Everyone's in there; his mum, his best mates, one of his kind-of girlfriend's selfies. Most significantly are the portraits of the boy's dad, who died the week before, and his uncle, whom his mum just married.
As the boy lays bare his plans to stab his uncle in revenge for the killing of his dad, it becomes clear he is a contemporary version of Hamlet, and that the pictures projected in his room are of his mum Gertrude, his best pal Horatio and his squeeze Ophelia. Then there is his uncle, Claudius, whom he calls Uncle C.

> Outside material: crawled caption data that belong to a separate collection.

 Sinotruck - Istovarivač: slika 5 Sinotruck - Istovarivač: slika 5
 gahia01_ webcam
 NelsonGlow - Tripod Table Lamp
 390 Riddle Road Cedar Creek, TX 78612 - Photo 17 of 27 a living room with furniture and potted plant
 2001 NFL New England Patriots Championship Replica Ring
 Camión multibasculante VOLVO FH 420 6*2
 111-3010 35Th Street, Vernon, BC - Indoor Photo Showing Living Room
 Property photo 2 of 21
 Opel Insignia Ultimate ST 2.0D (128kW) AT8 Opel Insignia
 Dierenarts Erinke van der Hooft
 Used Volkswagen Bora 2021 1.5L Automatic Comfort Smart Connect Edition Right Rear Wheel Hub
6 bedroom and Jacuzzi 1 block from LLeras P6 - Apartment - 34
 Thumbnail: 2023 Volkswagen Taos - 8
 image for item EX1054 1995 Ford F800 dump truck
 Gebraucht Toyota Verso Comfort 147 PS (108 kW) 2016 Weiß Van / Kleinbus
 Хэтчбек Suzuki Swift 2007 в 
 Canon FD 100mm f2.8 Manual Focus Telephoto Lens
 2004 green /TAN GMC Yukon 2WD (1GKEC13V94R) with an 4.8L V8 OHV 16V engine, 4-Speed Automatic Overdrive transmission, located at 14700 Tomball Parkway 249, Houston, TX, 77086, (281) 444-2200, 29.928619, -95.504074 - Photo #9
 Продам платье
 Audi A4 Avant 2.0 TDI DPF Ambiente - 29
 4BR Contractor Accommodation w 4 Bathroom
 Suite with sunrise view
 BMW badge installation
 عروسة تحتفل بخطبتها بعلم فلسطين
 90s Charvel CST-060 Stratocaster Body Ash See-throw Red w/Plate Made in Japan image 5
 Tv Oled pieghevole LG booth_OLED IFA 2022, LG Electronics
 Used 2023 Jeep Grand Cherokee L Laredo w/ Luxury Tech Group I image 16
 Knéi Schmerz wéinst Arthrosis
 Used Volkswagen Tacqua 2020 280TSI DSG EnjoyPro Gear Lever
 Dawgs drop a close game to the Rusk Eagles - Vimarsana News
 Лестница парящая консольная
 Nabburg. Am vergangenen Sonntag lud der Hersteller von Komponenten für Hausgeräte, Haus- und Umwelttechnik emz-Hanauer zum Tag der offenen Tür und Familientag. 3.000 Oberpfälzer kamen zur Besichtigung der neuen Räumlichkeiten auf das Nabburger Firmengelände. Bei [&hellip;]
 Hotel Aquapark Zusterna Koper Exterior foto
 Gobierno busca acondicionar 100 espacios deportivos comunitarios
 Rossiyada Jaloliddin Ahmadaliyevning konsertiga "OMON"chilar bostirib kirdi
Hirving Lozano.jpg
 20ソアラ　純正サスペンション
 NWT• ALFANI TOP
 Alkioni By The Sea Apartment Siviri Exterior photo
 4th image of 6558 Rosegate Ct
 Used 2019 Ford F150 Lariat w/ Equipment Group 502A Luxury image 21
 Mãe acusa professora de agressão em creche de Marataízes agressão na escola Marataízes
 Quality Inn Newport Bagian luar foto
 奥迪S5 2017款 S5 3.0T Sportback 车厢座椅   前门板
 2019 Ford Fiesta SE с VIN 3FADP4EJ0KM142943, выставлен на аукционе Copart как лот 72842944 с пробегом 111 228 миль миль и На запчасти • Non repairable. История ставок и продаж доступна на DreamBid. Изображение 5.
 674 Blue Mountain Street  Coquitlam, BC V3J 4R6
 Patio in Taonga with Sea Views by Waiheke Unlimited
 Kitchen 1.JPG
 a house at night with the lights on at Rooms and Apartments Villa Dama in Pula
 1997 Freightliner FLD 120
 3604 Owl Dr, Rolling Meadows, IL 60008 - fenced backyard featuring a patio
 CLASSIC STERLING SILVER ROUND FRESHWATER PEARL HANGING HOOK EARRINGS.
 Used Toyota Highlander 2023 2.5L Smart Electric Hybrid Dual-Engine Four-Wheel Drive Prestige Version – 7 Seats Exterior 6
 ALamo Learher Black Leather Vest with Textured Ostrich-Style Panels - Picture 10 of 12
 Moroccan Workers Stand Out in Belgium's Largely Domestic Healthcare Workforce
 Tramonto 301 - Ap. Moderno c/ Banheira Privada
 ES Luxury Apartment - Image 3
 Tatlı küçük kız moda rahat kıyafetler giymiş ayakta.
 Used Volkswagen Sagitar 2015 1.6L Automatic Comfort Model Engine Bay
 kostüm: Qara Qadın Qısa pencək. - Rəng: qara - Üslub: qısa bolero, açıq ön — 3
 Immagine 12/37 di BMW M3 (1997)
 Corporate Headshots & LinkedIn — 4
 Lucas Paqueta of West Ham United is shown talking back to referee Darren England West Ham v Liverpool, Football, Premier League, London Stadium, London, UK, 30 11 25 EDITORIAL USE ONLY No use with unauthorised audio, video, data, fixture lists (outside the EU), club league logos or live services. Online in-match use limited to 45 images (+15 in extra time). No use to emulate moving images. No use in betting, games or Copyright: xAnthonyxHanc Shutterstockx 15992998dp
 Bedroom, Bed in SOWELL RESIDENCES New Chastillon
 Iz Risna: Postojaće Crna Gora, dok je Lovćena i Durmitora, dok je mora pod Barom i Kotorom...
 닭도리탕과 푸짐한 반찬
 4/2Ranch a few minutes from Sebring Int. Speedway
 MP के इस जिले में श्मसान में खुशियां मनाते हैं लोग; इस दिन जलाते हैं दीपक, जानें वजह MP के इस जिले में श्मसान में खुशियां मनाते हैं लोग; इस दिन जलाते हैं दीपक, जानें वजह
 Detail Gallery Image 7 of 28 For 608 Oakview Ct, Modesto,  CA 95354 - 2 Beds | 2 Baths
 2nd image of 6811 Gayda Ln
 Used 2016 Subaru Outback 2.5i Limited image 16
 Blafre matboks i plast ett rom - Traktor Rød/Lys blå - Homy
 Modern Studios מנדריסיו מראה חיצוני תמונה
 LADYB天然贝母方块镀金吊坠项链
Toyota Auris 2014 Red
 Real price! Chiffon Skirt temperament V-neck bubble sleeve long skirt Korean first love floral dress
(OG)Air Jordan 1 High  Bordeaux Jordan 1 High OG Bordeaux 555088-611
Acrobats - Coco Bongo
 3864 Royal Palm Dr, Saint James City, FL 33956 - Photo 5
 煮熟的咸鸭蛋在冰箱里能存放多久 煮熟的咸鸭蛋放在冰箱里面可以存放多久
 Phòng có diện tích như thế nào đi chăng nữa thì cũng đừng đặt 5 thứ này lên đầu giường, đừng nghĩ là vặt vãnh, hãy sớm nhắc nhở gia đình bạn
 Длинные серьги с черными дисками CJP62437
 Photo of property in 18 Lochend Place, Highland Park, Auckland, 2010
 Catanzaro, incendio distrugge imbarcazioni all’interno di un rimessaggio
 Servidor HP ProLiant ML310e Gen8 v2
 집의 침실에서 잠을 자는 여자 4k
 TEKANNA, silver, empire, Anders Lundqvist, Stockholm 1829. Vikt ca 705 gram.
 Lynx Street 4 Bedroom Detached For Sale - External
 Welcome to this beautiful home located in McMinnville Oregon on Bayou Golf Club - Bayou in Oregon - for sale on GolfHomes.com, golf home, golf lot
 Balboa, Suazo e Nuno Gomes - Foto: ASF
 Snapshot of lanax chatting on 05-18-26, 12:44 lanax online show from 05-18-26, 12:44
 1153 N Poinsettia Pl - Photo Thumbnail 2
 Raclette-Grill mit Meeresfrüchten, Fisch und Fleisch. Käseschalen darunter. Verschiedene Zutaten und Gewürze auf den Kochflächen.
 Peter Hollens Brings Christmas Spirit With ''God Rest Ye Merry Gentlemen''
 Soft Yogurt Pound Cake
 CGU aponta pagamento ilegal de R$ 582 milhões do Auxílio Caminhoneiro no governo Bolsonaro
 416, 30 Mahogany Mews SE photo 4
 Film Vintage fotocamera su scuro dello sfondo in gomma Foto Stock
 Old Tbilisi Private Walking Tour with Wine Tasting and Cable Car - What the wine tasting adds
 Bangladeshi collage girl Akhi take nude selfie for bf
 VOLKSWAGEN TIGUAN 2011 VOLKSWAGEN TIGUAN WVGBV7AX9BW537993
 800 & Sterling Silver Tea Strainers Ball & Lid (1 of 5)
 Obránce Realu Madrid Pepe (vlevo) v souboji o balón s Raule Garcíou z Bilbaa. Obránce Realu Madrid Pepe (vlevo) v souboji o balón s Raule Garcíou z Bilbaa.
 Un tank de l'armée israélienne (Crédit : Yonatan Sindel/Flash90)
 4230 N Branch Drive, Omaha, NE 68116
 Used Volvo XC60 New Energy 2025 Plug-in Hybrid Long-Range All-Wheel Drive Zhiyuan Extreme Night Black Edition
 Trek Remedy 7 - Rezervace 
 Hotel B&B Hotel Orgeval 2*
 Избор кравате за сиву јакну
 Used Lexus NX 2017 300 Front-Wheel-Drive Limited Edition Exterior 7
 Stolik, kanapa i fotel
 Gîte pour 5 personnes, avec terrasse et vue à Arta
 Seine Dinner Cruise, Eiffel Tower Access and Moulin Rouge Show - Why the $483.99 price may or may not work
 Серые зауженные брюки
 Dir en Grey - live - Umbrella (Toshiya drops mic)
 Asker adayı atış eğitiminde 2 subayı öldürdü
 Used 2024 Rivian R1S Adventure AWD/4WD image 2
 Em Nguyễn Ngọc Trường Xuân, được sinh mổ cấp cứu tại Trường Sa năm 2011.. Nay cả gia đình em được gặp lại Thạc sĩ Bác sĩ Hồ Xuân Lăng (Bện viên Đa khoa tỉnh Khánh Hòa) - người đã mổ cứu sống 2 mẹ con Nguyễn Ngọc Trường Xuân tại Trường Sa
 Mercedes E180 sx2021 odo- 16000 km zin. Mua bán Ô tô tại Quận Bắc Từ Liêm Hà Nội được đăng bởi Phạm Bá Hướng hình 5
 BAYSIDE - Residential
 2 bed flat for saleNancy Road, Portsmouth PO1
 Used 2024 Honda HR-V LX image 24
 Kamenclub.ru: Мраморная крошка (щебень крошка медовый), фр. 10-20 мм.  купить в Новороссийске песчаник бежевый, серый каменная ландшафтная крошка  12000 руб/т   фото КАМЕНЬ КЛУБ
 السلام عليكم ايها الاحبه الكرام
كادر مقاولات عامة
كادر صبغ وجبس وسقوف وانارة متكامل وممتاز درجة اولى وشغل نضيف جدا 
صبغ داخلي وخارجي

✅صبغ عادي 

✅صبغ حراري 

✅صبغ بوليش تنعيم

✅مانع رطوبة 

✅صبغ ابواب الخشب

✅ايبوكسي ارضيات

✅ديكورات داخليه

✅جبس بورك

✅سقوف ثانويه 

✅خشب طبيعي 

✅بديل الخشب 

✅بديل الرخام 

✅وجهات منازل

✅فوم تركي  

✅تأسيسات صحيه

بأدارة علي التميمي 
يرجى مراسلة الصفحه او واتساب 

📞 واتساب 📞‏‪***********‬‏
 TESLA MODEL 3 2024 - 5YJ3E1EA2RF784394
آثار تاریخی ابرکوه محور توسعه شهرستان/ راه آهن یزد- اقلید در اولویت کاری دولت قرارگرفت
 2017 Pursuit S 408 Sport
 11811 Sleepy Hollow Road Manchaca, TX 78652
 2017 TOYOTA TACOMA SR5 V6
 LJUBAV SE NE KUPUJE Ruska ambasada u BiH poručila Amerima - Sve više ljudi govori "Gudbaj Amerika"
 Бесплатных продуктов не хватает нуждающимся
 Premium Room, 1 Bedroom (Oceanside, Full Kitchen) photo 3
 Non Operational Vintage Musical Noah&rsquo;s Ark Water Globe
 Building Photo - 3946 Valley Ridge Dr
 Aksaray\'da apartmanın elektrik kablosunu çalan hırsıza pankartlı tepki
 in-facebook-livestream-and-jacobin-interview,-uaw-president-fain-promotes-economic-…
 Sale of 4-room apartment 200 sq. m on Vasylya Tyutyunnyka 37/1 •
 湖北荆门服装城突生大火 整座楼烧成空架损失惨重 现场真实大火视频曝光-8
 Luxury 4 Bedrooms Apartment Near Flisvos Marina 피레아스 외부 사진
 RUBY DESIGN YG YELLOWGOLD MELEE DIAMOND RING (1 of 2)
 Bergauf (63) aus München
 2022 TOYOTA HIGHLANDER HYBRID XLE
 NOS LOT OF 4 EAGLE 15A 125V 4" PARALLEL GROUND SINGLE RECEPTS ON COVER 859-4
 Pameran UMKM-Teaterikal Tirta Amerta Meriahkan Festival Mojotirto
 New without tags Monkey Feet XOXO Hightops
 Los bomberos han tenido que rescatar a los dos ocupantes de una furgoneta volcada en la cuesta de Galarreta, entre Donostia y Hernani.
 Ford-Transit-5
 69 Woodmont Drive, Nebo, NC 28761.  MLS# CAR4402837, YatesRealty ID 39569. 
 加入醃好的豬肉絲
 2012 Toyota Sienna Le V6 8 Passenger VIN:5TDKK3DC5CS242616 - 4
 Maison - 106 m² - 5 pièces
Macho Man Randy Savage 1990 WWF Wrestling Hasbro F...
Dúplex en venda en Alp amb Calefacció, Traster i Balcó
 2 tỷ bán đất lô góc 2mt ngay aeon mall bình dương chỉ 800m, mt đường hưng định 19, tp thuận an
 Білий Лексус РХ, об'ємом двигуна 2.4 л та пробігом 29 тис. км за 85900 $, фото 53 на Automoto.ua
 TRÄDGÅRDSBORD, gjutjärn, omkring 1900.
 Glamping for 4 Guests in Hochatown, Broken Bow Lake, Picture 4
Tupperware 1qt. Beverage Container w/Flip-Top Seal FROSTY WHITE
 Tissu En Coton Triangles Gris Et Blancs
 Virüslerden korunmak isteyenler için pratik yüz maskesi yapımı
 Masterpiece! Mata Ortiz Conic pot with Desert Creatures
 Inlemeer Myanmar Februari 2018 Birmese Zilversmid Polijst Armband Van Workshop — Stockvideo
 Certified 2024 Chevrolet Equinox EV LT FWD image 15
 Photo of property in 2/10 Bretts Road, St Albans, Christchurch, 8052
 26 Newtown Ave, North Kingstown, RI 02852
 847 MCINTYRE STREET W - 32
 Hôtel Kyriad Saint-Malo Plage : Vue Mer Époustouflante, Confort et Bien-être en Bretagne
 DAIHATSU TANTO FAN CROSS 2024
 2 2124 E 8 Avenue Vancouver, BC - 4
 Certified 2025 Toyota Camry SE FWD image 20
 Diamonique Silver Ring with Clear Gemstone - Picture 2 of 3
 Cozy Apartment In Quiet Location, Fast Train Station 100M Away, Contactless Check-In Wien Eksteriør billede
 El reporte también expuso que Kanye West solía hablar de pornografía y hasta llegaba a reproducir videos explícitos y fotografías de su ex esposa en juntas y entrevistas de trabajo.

This is a neat trick in Iain Heggie's fresh look at the Bard, performed with youthful confidence by Sean Purden Brown in Heggie's own production for Subway Theatre Company in association with Sico Productions. Developed through improvisations with drama students at Royal Conservatoire of Scotland, Tragic takes Shakespeare's complex verse and renders it in a demotic that, while still poetically vivid, is easy enough for young actors to deliver and for audiences to get to grips with without ambiguity.
Overdone this could be patronising for all concerned, but over 75 minutes it becomes as current as the version of Shakespeare's original currently running at the Citizens Theatre.
In his determined but ultimately self-destructive confessional, the figure presented by Heggie and Purden Brown is as much Holden Caulfield as Hamlet, and the play both his diary and his last words and testament.